BarbriSFCourseDetails

Course Details

This CLE course will provide real estate counsel with a review of how parties in leasing transactions can allocate risk to protect their respective economic interests. The panel will address indemnification provisions, including those for actions arising from a party's negligence, additional insured (AI) endorsements, and waivers of subrogation for the parties to protect themselves from economic loss.

Faculty

Description

Indemnification agreements are widely used to shift risk in a variety of real estate transactions. Real estate leasing counsel must understand the impact of indemnification lease provisions--who is ultimately responsible for the claim and when and how is this responsibility shared? The indemnitor must negotiate contractual clauses that limit the scope of the indemnification.

The party seeking indemnification must negotiate provisions that address negligence, AI status, and defense of claims. Understanding the relationship between contractual indemnification, insurance requirements, and different AI endorsements is critical to effectively allocating risk. The prior ISO AI endorsement revisions are crucial when drafting risk transfer language.

One of the more complex risk mitigation issues is the interplay, under both property and liability policies, between the insurer's right of subrogation and the parties' attempts to waive subrogation. By way of mutual waivers, each party agrees to obtain from its insurer a waiver of the insurer's right of subrogation against the other party. Counsel must understand and critically analyze subrogation issues in lease negotiations.

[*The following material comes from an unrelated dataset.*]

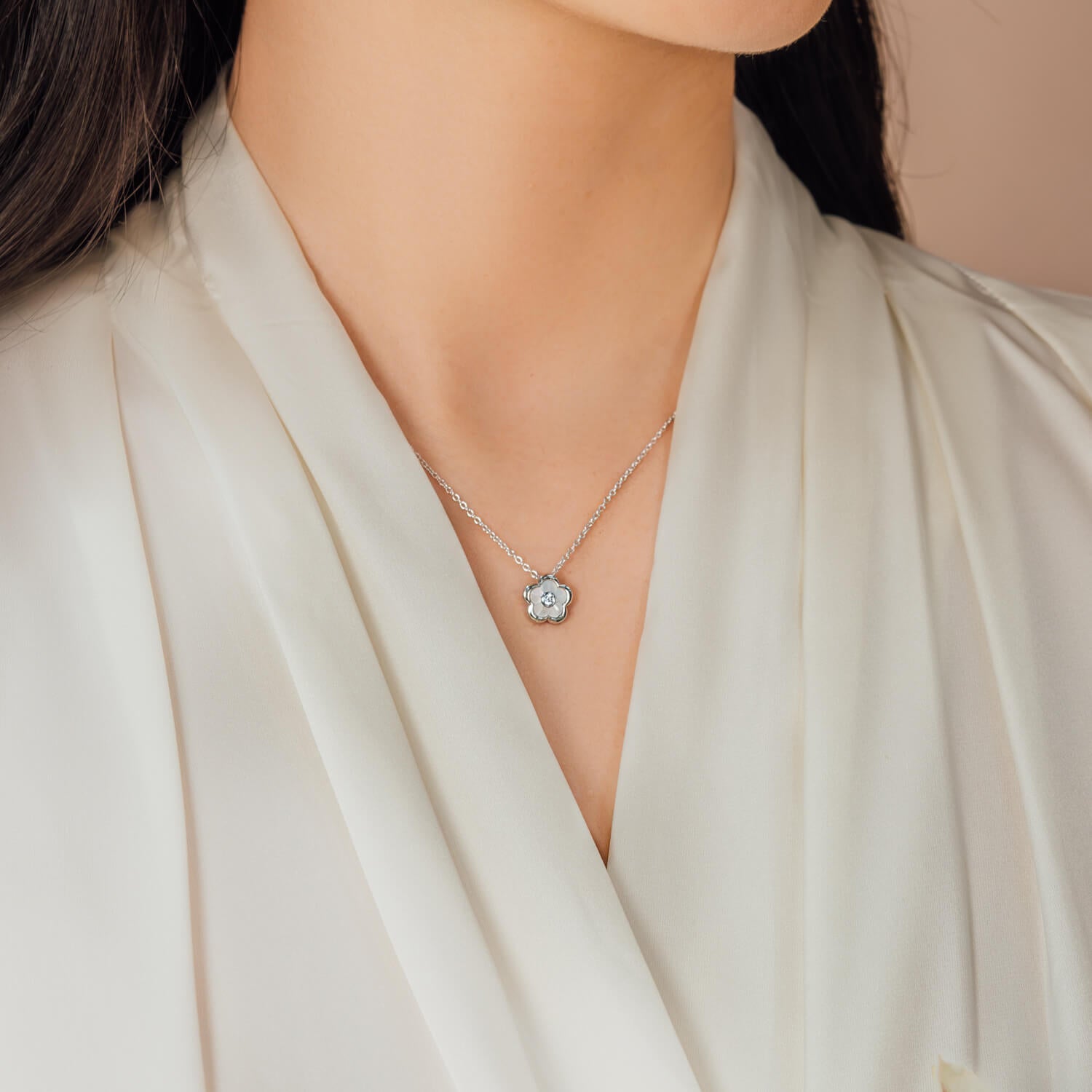 Elegant Silver Calla Lily Pendant Necklace for Women - Perfect for Weddings, Anniversaries & Special Occasions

Listen as our authoritative panel of real estate attorneys discusses contractual indemnification in real estate leases and how to reconcile indemnity language with insurance coverage, AI endorsements, and waivers of subrogation. The panel will offer best practices for mitigating and allocating risk in real estate leasing transactions.

Outline

  1. Indemnification lease provisions
    • Fault-based vs. "no-fault"
    • Unilateral vs. mutual
    • Interplay with insurance
    • Statutory considerations
  2. Additional insured coverage
    • Additional insured vs. additional named insured
    • Endorsements vs. certificate of insurance
    • Policy language and various additional insured forms
    • Scope of coverage
  3. The interplay between contractual indemnity and AI coverage
    • Contractual indemnification
    • Contractual insurance requirements
    • AI coverage
    • Crafting contractual indemnification provisions
  4. Subrogation
    • Overview of subrogation principles
    • Mutual waivers of subrogation
    • Limited waivers of subrogation

Benefits

The panel will review these and other relevant issues:

  • How can counsel draft indemnification lease provisions that protect their clients--whether the indemnitor, landlord, or tenant?
  • How can counsel ensure that contractually required AI coverage is satisfied by the named insured's policy?
  • How have the prior ISO's revisions to AI endorsements narrowed the scope of coverage for AIs?
  • How can counsel draft subrogation waivers that protect both landlords and tenants?